About this test
This report takes the raw CSV benchmark results and groups the Lahman files by file size.
The buckets are:
- Small CSV files: files smaller than 1 MB.
- Medium CSV files: files from 1 MB up to 10 MB.
- Large CSV files: files 10 MB or larger.
The goal is to test a practical question:
Does PyArrow become more useful as the CSV files get larger?
Why this is interesting
The raw benchmark showed that PyArrow was faster across the full Lahman CSV workload. But that headline hides an important detail: not every file behaves the same way.
Small files can be dominated by parser startup cost. Medium files give the reader more room to show throughput advantages. Large files would be the obvious stress test, but this Lahman CSV set does not include any files over 10 MB.
That absence is useful too. It keeps the conclusion honest. This is not a giant-data benchmark. It is a real public-data benchmark.
How to read the table
The table contains one row per CSV file, with a size bucket added.
The main fields are:
- Bucket: small, medium, or large.
- File: the Lahman CSV file name.
- Size: the CSV file size.
- Rows: the number of rows loaded during profiling.
- Columns: the number of columns loaded during profiling.
- pandas avg: average read time using
pandas.read_csv(path). - PyArrow avg: average read time using
pandas.read_csv(path, engine="pyarrow"). - Speedup: pandas default average time divided by PyArrow average time.
- Winner: the faster method for that file.
A speedup above 1.00x means PyArrow was faster. A speedup below 1.00x means pandas default was faster.
Methodology
This test reuses the raw CSV benchmark results. Each file was read 100 times with each reader after two warmup runs.
The benchmark records read time only. It does not include joins, group-by operations, chart rendering, downstream calculations, or writing new files.

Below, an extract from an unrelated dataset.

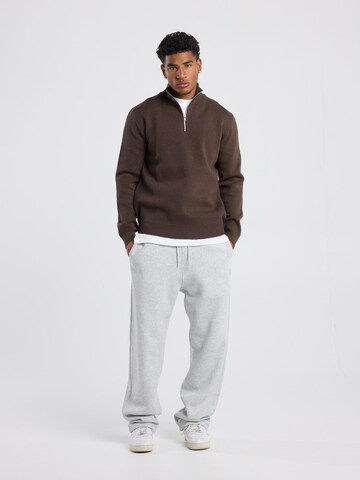 America Today Sweater in Brown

The operating system can cache files between repeated reads, so these results should be read as local benchmark results for this environment, not as universal constants.

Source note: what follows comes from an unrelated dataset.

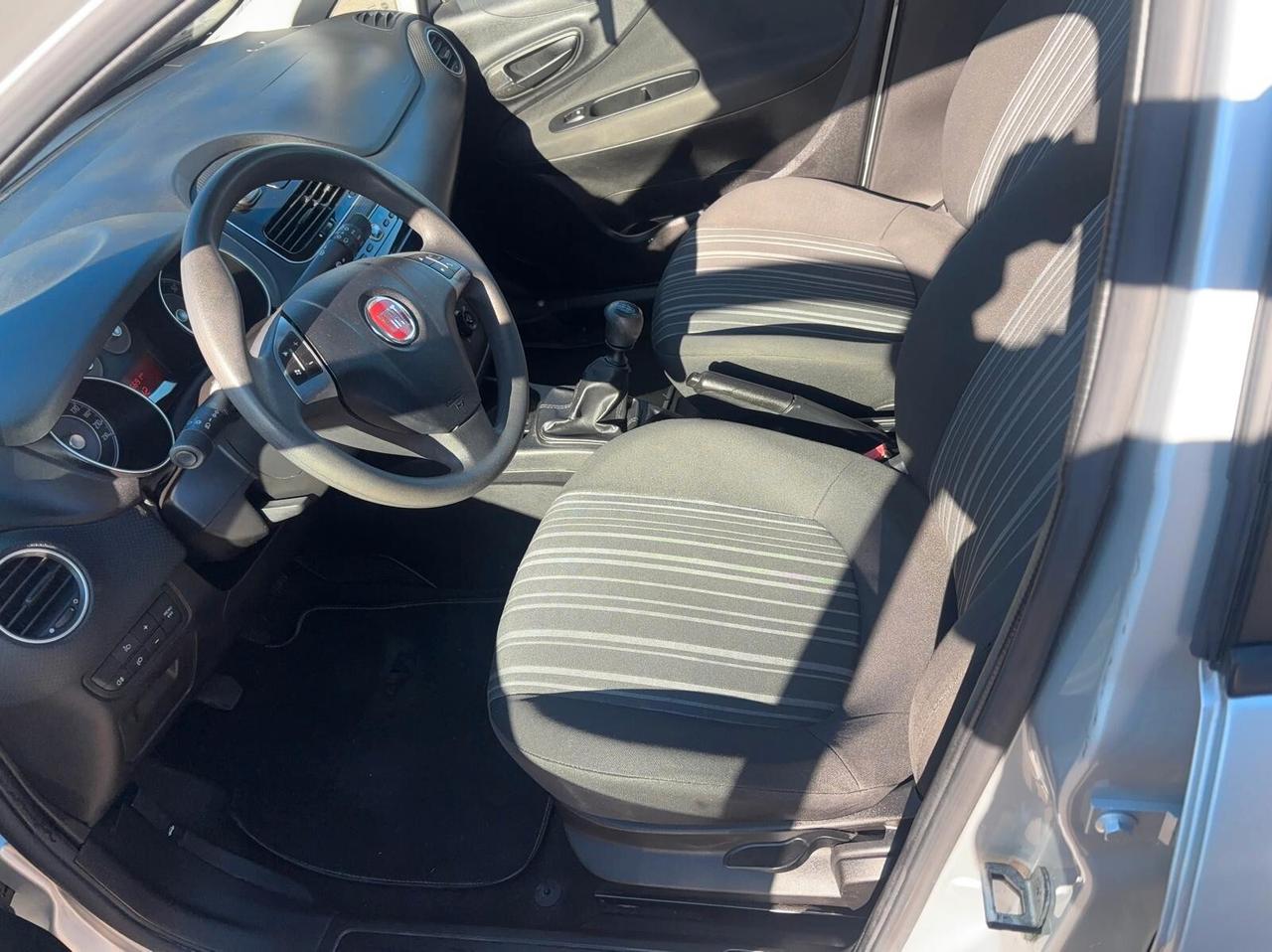 Fiat Punto Evo 1.4 5 porte Active Natural Power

What this test does not prove
This test does not prove that PyArrow always wins once a file crosses a universal size threshold.
It does show that in this Lahman run, the medium-sized files were all PyArrow wins. The small files were mixed, which supports the idea that PyArrow's throughput advantage matters more once a file is large enough to overcome parser startup overhead.
Accessibility notes
This report is built around text, summary cards, bucket summaries, and tables. The table is the primary source of the report data.
The table can be searched, filtered, and sorted. The result count updates after filtering. The data is presented with normal headings, captions, and table headers so screen reader users can move through the report without depending on charts, color, or mouse-only interaction.
If something does not work properly, please contact me so I can fix it.
What did we learn?
For this Lahman dataset, PyArrow became much more convincing in the medium-size bucket.
Small files were mixed. PyArrow still won more small files than pandas default, but pandas default won several tiny files. Medium files were different: PyArrow won every medium file in this run and did so by a much larger overall margin.
That makes the practical lesson clear: file size is not the only factor, but it matters.